The following fourteen linocut prints were created in 1969 by Nigerian artist Bruce Onobrakpeya (b. 1932) of the Urhobo people. They are in the Collection of the SMA African Art Museum in Tenafly, New Jersey. The photos were taken by my husband, Eric James Jones.
Notice how the executioners are not ancient Roman soldiers but twentieth-century British colonial officers. Likewise transplanted into a different historical context, Jesus and the friends he meets along his way to Calvary are African, dressed in adire, with the women in headscarves. By situating the crucifixion narrative in colonial Africa, Onobrakpeya makes it more recognizable to his people. They themselves are witnesses to the event—devotees of the Christ who mourn his wrongful death—but also co-sufferers with him in their endurance of oppression.
The theme of salvation that’s expressed in this stations series is both personal and political. Onobrakpeya encourages Africans to see themselves as key players in the modern-day enactment and spread of the gospel. Christ’s sacrifice was as much for them as it was for any other people. And it brought about salvation not merely from individual sins but from the kingdom of this world. It frees us to live as citizens of another kingdom, to submit to the rule of a different lord, one who will never exploit us or crush us but whose every law is for the flourishing of earth and humanity. Love, peace, righteousness, reconciliation—these are the laws of Christ’s kingdom, the fruits of his grace.

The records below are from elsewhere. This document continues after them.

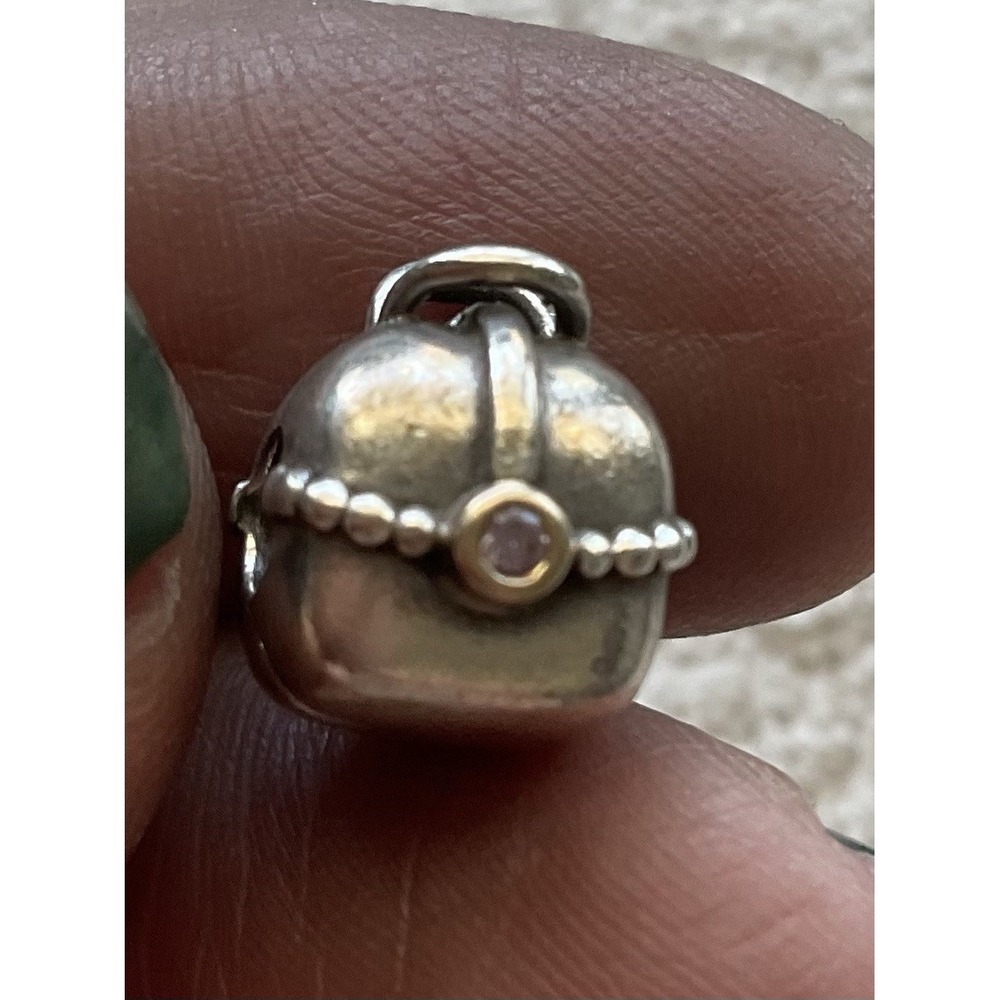 retired sterling silver ALE 925 Pandora "Purse" clip charm - Picture 2 of 8
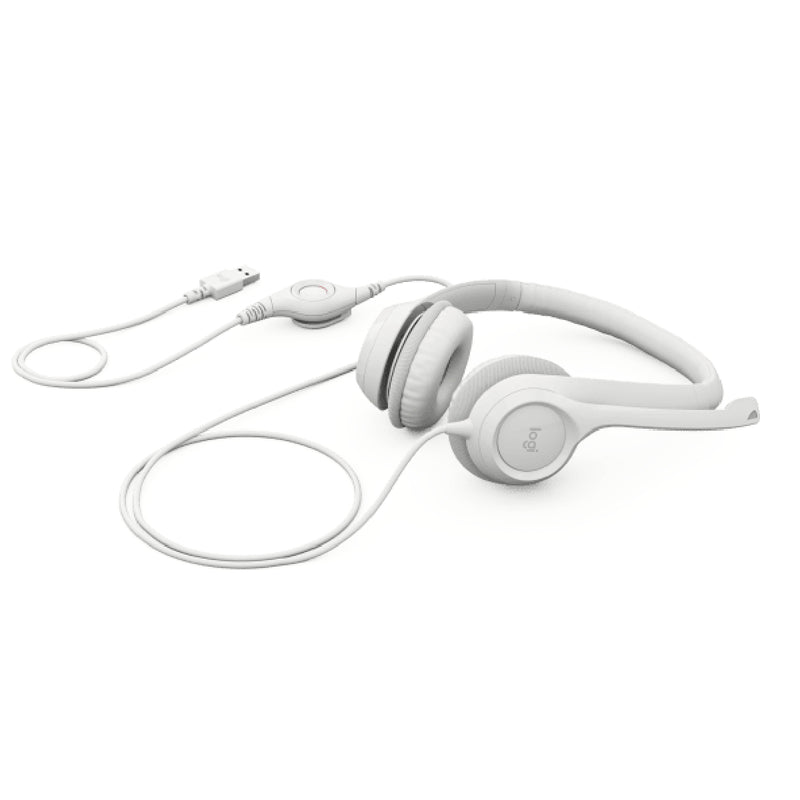Logitech H390 USB Computer Headset With Enhanced Digital Audio And In-Line Controls - White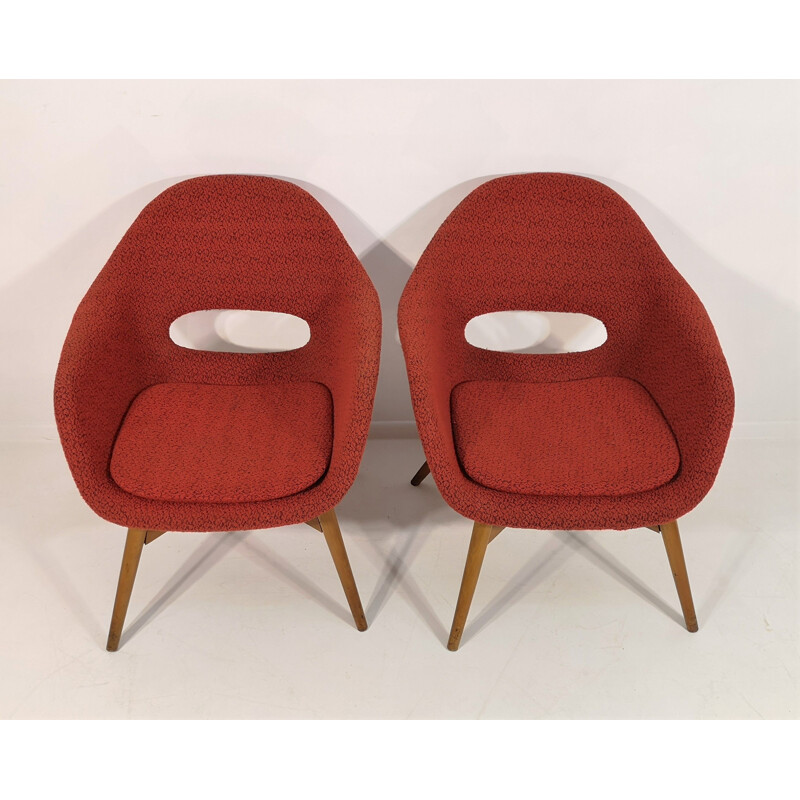 Pair of vintage Shell Armchairs by Miroslav Navratil, 1960s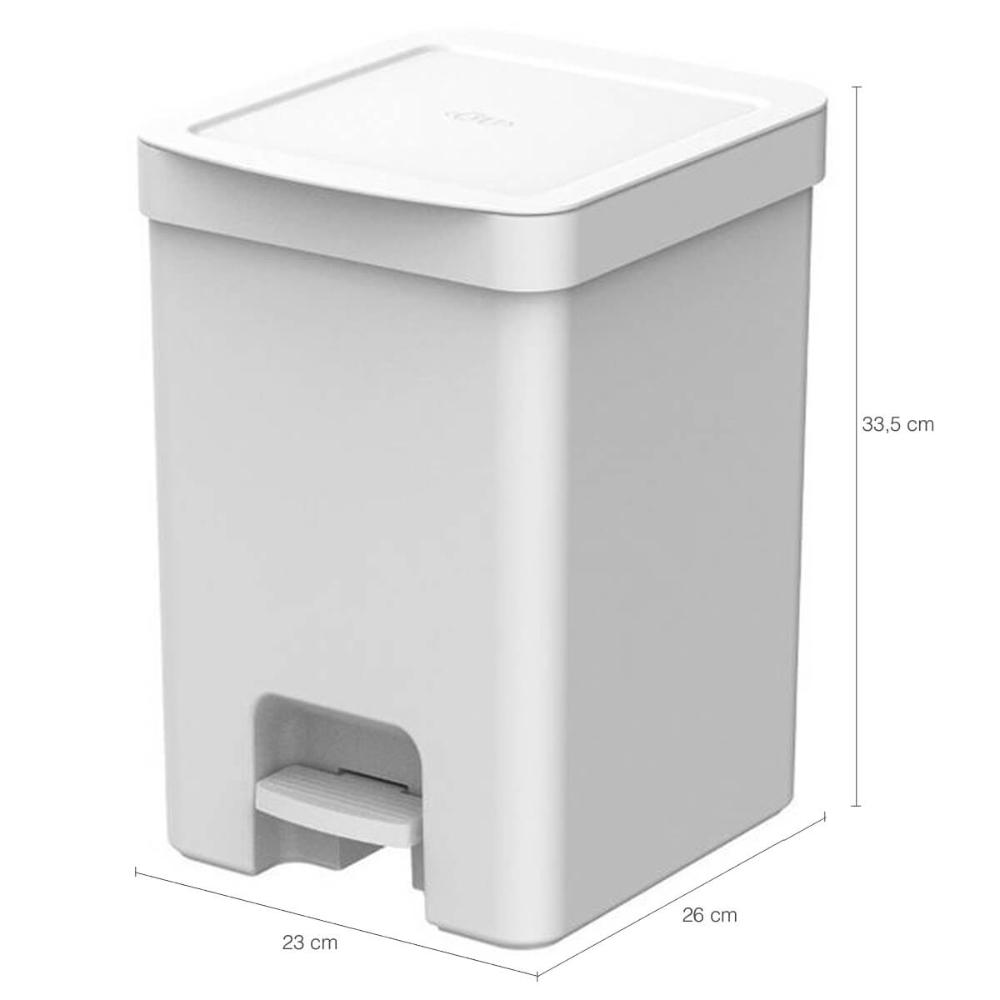 Lixeira de Pedal OU Cesto de Lixo para Cozinha Escritório Linha Trium 12 Litros Branco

Other African artists have done their own versions of the Stations of the Cross, but one of the things that makes Onobrakpeya’s unique is his use of color and patterning. Greens, blues, reds, and yellows explode into the background, as do checkers, spirals, zigzags, dots, and other geometric shapes, repeated from the figures’ garments. Such abstraction adds to the mysticality of the event.